Millions of Americans have been forced into foreclosure or delinquency on their home mortgages. According to RealtyTrac, an online marketplace for foreclosure properties, there were 1.2 million foreclosure filings nationally in 2006 alone, and 1,197,412 new filings so far in 2007. While millions have lost their homes, still more live in fear of losing them at any time.

As the depth and extent of the housing crisis develops, more and more workers face increasing economic hardship: as their house payments go up, as they watch their life savings diminish along with the value of their home, as public services are reduced in hard-hit communities with a decreased tax base, as construction and other workers are laid-off, etc. And of course, those that are evicted from their homes are in danger of falling into the ranks of the already millions of homeless in the country.

What is the way out of the crisis?

The few actions taken so far by the capitalists and their political representatives take up only the question of shifting the burden away from the big financiers and bankers, while millions of working families are left increasingly unable to make ends meet.

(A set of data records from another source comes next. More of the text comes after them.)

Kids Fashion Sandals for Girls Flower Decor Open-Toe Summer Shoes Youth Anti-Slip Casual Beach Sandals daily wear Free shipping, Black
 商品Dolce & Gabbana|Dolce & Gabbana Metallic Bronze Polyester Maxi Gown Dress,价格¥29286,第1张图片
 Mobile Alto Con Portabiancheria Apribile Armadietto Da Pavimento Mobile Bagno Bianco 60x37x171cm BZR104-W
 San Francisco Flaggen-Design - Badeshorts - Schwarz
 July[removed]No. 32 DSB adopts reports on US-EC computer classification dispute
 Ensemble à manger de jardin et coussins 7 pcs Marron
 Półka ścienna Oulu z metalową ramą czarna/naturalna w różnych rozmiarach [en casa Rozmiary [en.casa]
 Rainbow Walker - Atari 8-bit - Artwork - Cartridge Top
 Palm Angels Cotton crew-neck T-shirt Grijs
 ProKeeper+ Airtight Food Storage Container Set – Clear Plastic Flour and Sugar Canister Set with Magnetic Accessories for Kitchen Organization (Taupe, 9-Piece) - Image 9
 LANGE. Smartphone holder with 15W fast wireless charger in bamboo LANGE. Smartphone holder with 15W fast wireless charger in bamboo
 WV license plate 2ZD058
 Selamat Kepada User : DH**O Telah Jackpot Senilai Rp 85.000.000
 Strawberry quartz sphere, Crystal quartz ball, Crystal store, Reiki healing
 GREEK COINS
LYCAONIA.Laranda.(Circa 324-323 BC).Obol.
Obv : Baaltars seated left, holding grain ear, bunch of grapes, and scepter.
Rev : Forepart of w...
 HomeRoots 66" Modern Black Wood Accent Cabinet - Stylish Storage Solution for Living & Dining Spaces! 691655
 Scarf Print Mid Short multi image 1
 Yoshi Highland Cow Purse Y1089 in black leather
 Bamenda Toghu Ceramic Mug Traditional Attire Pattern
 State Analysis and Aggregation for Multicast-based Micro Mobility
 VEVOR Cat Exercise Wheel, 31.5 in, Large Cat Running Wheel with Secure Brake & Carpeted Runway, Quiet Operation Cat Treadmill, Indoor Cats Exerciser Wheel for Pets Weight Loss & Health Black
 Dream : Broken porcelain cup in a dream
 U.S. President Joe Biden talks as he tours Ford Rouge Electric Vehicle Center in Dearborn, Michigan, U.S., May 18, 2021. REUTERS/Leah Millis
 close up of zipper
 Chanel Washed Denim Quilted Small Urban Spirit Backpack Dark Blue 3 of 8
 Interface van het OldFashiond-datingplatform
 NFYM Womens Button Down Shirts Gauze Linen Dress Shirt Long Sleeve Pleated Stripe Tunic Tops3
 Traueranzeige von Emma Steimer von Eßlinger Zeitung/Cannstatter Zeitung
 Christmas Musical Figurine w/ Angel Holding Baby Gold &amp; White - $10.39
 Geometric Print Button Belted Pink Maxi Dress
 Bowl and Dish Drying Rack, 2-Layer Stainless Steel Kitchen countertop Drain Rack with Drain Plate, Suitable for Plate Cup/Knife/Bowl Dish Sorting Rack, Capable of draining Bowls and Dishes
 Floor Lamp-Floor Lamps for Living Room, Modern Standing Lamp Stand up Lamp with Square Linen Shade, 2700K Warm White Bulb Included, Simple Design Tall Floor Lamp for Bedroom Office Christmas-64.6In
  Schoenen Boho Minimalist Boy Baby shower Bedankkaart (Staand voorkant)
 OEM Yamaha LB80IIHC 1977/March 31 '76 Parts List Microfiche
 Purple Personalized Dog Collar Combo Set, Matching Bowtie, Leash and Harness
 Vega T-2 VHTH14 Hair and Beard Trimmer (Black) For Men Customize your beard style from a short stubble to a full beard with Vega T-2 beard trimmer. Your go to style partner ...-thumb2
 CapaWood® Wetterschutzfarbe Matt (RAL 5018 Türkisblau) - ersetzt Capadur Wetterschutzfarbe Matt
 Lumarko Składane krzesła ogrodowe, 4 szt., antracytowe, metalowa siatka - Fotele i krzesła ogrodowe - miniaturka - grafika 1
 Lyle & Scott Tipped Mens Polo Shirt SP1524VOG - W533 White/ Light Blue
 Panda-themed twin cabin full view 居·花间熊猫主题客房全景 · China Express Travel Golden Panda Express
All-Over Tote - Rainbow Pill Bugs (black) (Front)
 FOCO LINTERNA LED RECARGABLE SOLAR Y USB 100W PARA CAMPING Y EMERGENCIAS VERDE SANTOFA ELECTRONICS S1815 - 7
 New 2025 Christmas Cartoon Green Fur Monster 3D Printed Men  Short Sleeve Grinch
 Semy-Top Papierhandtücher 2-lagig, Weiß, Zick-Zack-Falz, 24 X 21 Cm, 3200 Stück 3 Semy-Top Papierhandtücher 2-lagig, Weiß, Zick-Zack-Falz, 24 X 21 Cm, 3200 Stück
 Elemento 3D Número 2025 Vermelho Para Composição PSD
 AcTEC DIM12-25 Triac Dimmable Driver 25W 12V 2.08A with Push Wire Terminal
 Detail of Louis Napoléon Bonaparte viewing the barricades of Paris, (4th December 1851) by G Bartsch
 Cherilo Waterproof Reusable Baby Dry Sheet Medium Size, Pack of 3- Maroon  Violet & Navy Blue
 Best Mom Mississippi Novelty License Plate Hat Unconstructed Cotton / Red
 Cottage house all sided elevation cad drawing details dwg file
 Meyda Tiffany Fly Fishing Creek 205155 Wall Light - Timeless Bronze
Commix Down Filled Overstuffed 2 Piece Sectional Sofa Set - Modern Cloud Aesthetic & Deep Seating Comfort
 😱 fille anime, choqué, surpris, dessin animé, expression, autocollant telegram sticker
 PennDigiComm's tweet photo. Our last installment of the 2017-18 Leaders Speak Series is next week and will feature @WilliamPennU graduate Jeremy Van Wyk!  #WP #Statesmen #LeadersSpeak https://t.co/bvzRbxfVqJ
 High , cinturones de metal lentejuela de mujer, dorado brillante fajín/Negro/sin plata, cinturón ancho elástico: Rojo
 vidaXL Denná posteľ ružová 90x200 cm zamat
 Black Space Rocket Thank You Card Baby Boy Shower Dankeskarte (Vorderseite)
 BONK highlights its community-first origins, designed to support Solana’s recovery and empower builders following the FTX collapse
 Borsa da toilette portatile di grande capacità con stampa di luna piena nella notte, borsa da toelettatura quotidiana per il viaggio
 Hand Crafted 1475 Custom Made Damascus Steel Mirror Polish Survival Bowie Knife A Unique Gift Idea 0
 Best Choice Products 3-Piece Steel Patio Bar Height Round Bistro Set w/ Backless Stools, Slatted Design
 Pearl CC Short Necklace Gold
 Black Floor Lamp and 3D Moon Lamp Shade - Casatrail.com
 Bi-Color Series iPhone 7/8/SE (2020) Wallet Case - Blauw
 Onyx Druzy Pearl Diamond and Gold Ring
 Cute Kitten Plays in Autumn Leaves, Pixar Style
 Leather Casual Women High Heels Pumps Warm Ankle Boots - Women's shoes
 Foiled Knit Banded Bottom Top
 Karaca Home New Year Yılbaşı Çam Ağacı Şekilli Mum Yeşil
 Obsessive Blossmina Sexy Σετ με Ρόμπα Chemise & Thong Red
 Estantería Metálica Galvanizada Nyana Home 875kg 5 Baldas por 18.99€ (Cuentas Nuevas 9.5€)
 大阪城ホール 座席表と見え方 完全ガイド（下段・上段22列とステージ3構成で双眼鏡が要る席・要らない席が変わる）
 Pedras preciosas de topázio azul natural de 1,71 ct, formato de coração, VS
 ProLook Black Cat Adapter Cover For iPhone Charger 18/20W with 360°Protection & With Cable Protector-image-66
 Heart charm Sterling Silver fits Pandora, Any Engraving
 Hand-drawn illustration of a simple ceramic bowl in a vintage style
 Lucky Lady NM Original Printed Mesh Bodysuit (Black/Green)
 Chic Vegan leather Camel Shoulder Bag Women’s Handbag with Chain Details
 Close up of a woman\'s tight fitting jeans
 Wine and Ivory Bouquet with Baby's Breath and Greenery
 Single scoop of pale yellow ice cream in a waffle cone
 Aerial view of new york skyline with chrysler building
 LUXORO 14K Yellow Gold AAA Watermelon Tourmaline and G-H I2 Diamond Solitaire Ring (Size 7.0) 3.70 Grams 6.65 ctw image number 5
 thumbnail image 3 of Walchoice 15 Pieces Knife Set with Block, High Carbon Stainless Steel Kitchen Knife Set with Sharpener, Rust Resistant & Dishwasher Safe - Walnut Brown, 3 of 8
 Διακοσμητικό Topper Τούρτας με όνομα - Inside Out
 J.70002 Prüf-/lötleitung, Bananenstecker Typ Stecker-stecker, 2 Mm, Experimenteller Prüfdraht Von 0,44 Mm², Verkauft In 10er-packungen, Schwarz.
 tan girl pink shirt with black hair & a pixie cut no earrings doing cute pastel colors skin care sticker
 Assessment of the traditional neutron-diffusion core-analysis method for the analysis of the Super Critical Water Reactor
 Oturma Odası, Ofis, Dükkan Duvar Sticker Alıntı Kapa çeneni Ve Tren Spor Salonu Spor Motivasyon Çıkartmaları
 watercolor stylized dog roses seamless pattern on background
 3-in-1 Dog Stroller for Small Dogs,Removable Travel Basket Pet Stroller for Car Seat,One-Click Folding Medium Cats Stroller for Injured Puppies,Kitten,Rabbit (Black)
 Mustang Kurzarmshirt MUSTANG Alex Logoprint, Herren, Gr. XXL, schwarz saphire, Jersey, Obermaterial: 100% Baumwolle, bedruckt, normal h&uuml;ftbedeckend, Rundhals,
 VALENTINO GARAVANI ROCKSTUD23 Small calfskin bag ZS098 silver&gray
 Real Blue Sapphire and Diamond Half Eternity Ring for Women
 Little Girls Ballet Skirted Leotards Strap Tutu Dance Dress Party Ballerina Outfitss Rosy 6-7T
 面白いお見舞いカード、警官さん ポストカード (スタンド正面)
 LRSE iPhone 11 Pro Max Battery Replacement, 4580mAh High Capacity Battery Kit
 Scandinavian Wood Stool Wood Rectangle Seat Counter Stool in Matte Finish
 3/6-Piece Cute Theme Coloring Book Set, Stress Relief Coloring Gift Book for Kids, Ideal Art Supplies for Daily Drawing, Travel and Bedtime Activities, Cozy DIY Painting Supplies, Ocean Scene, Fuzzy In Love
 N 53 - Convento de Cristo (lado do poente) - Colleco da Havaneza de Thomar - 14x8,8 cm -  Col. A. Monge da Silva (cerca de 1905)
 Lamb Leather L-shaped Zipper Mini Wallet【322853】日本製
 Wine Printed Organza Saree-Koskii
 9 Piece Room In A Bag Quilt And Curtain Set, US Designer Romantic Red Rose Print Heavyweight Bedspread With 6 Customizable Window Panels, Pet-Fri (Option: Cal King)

Although speculation, financial chicanery, as well as outright corruption, fraud, etc. work—in the final analysis—to compound the crisis, the root of the problem lies in the anarchy inherent in the capitalist mode of production. Monopoly capitalism brings to the bursting point the basic contradiction inherent in capitalism—the contradiction between the social character of the productive forces and the capitalist relations based on private ownership of these productive forces.

In the U.S. the real character of the productive forces (i.e. the labor-power of the workers and the tools of society—including the factories, transportation and communication systems, construction tools and materials, etc.) is social and historical—today’s modern factories and other means of production are the product of generations of labor and are set in motion only through the combined, cooperative efforts of millions of workers. But these social productive forces are owned privately and set in motion not to increase the well-being of the majority of people, but only to maximize profits for the private capitalist owners. The decisions of a handful of capitalists determine the economic life of millions. Thus the whole of society is subordinated to the private interests—the drive for wealth and profit—of the financial and industrial oligarchy.

The contradiction between the social character of the productive forces and private capitalist ownership has led to the general and permanent crisis of the capitalist mode of production. The vast social, productive forces have the potential of creating abundance for all. But capitalist private ownership necessarily limits and fetters this development. The productive potential of society is thwarted by the very fact that the capitalists, in order to maximize profits, try to keep workers’ wages at a minimum. The result is that the markets always remain too small to absorb all that the workers can produce.

The capitalists, their financial advisors, and their political representatives cannot solve the problem because they are the problem. Today, there are houses sitting empty (and the productive capacity to build as many more as necessary) while the workers cannot afford to buy the homes already built and millions are being forced out of their homes. What could more thoroughly condemn the capitalist system than the fact that it cannot solve the crisis—that it cannot even meet the basic need and right of all the people to housing?

The only way out for the working class and the broad masses of the people is through struggle. The workers must come out as a class for themselves and wage an independent political struggle to force the rich to bear the burden of the crisis. We must demand that a portion of the social product be set aside to guarantee all the economic rights of the people, including the elemental right to housing.